Italians are renowned for their love and appreciation of good food and wine, with life often evolving around social gatherings where this is not only possible but central. The relishing of scrumptious vittles is both traditional and an important part of Italian culture and family life.
Though not for the vegetarian or faint-hearted, Porchetta is one of the country's earliest specialities dating back to the Roman Empire.
Research suggests the dish most likely began in Ariccia, a city outside of Rome, and Ariccia is the only town to earn the Ministero delle Politiche Agricole, Alimentari e Forestali, designating porchetta as a "prodotto agroalimentare tradizionale," with a place on the list of traditional Italian foods held in cultural reverence.

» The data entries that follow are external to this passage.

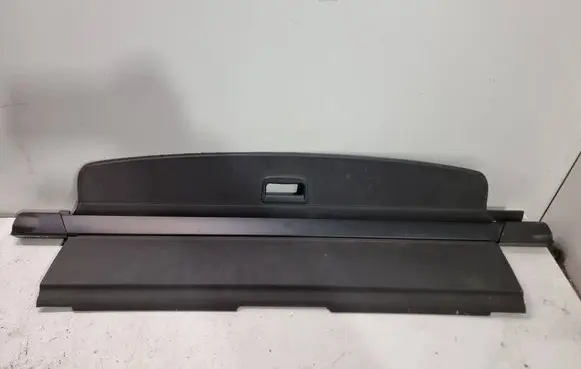 Skoda Octavia Mk2 (1Z) Parcel shelf load cover 1Z9867871G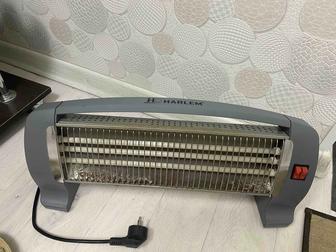 Обогреватель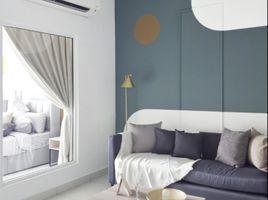 1 Bedroom Condo for rent at Rungpech Condominium, Samae Dam, Bang Khun Thian, Bangkok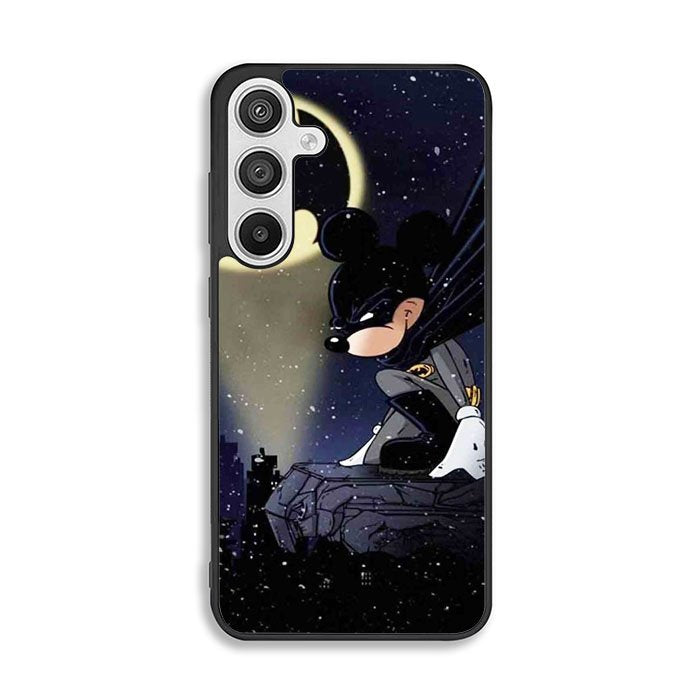 Mickey Mouse 15th Samsung Galaxy A26 Case DC3972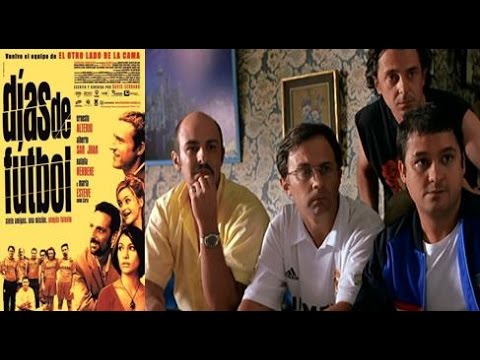 DÍAS DE FÚTBOL nos vamos a apuntar al torneo de fútbol 7 del barrio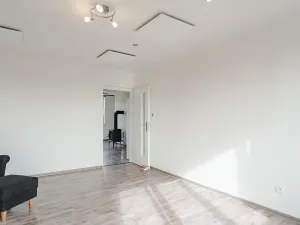 Prodej bytu 2+1, Ústí nad Orlicí, 65 m2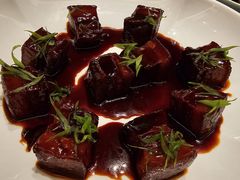 -静之湖湖畔餐厅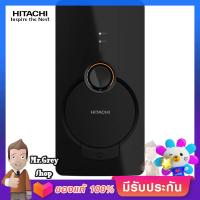 HITACHI เครื่องทำน้ำอุ่น 4800วัตต์ สีดำ รุ่น HES48G BK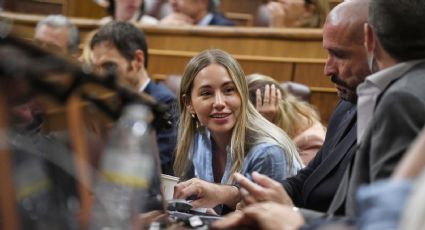 Escándalo en España: diputada renuncia tras descubrirse que mintió en su currículum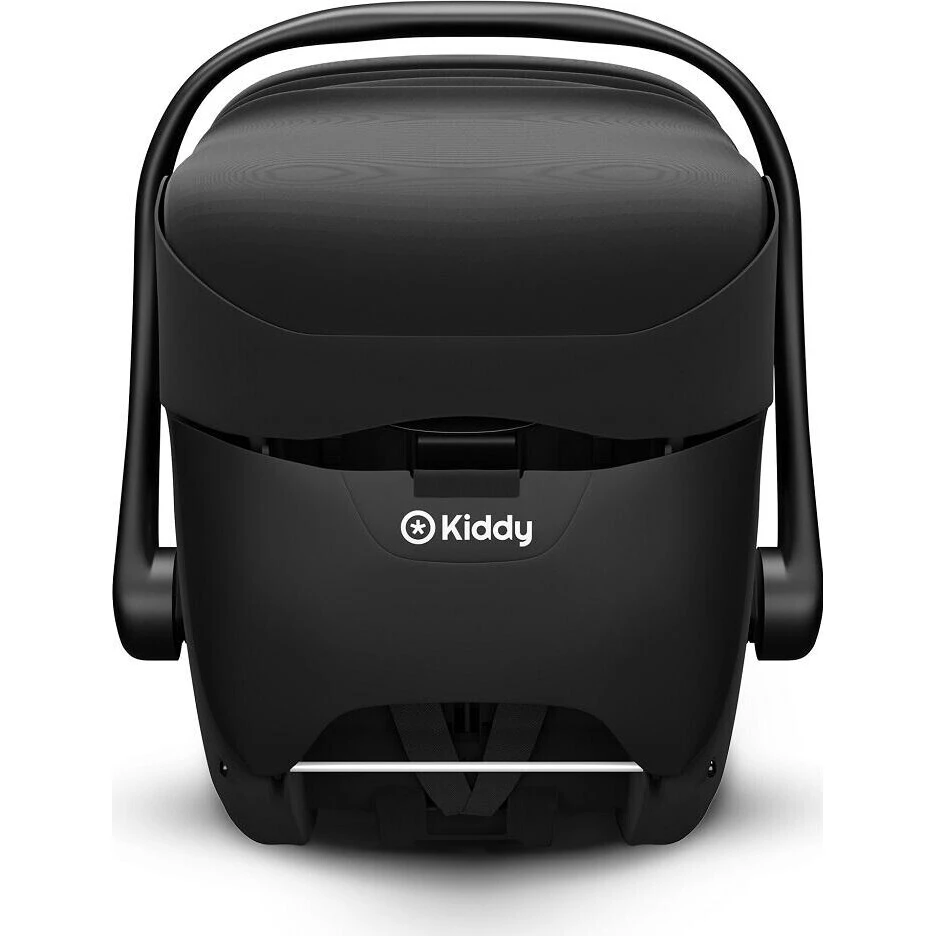 Kiddy Autosedačka Evoluna i-Size 2 + isofixová základna - Kiddy Evoluna i-Size 2 Lizard green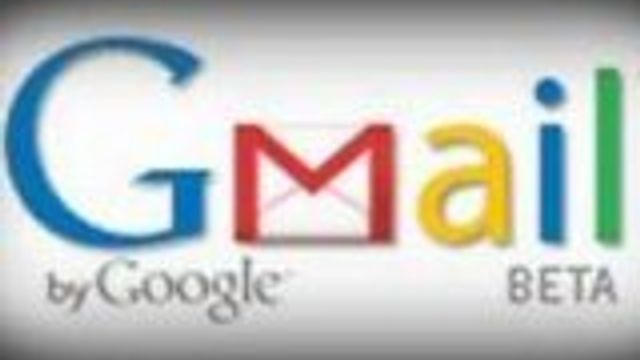 Google-brukere tapte all sin e-post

Preparing and cooking it is certainly a labour of love. A whole pig is skinned, deboned, seasoned (different ways according to the region), carefully layered - stuffing, meat, fat and skin - rolled, and finally cooked on a spit, slowly roasting over a fire. Given the size of the pig and the time and effort involved, the meal was historically reserved for a crowd. On festivals, holidays and Sundays the porchetta was ever-present and often the focal point.The dish was also a favorite of Rome's infamous Nero and often served in Roman army camps, affording a nourishing meal to hungry soldiers and members of the poorer classes, who often ate the quinto quanto (the fifth parts such as organ meats). And while today's porchetta cooks on a spit for six to eight hours, the ancient Roman version was cooked underground.
I like to think that this learned fellow was given the respect and gratitude he deserved for the pleasure and nourishment he afforded.